Okayti Tea Estate is a tea garden in the Mirik CD block in the Mirik subdivision of the Darjeeling district in the Indian state of West Bengal.

==History==
Rangdoo was the original name of this tea estate. It was planted by the British planters in the 1870s. The tea produced at Rangdoo had a distinctive taste because of the soil and agro-climatic conditions. It soon earned the reputation of being the only ‘’Okay tea’’. So powerful was the impact of the market feed-back that the tea garden was renamed Okayti Tea Estate. The tea factory was built in 1888.

The Kumbhat family has been nurturing the estate for over two decades.

Recently Mr. Rajeev Baid, Founder of Evergreen Group acquired Okayti Tea Estate.

==Geography==

Okayti Tea Estate is in the Mirik Valley about 45 km from Darjeeling. It has Gopaldhara Tea Estate on the north-east and Thurbo Tea Estate on the east. Tea bushes are planted in an area covering 208.82 ha out of the total area of 647.49 ha. The balance area includes forest covering. Tea is grown at a height of 4000 to 6200 ft.

The Mechi, forming the boundary between India and Nepal, flows along the boundaries of the tea garden.

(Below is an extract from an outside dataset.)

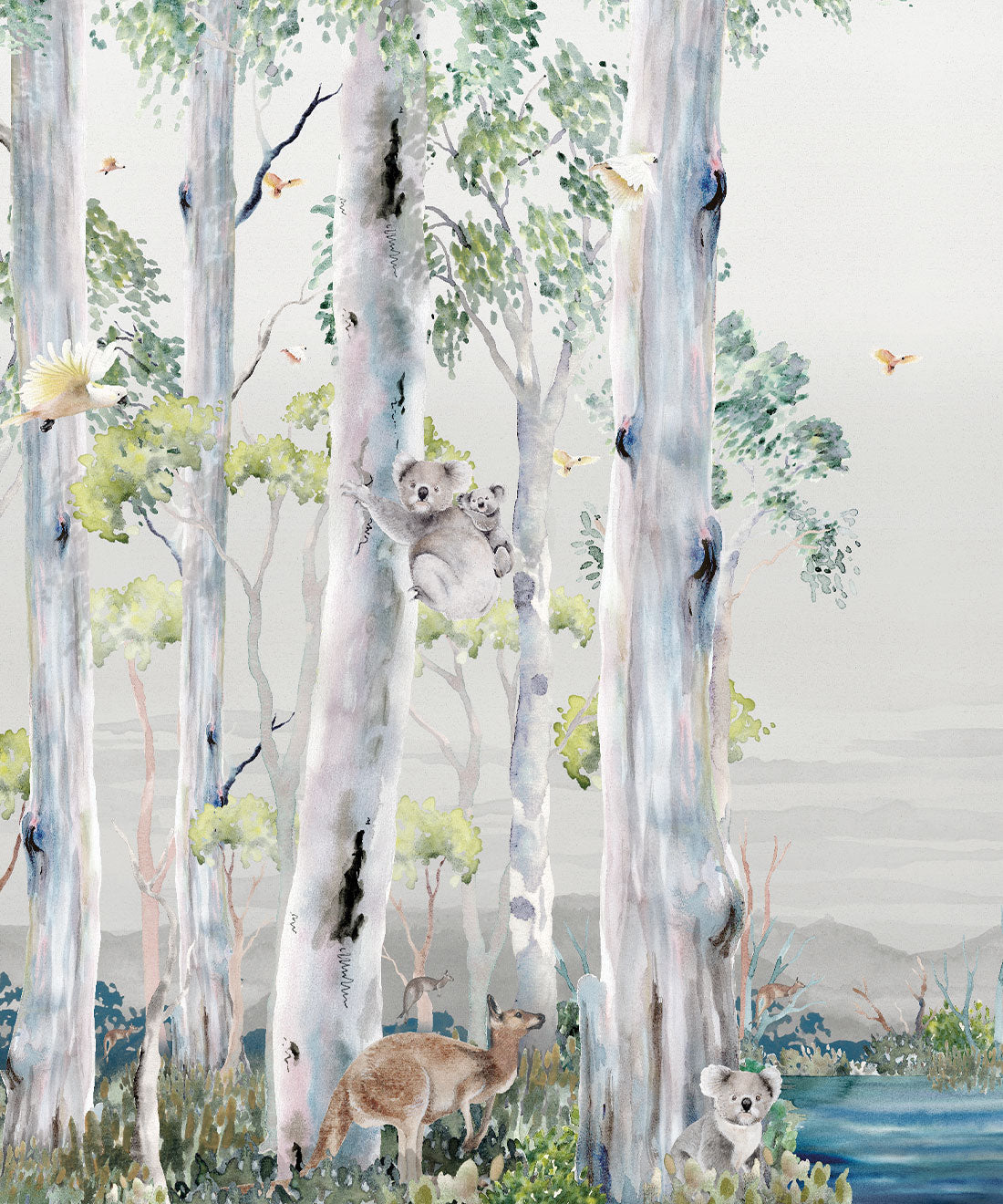 Native Bushland Mural • Kingdom Home • Swatch • Stoney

Note: The map alongside presents some of the notable locations in the subdivision. All places marked in the map are linked in the larger full screen map.

==Economy==
Okayti produces round 140,000 kg of tea annually, most of which is exported to the US, Europe and Japan.

==Achievements==
Darjeeling tea produced by Okayti is certified to be 100% bio-organic. Among those who have patronised Okayti are Queen Elizabeth, Nikita Khrushchev and Jawaharlal Nehru.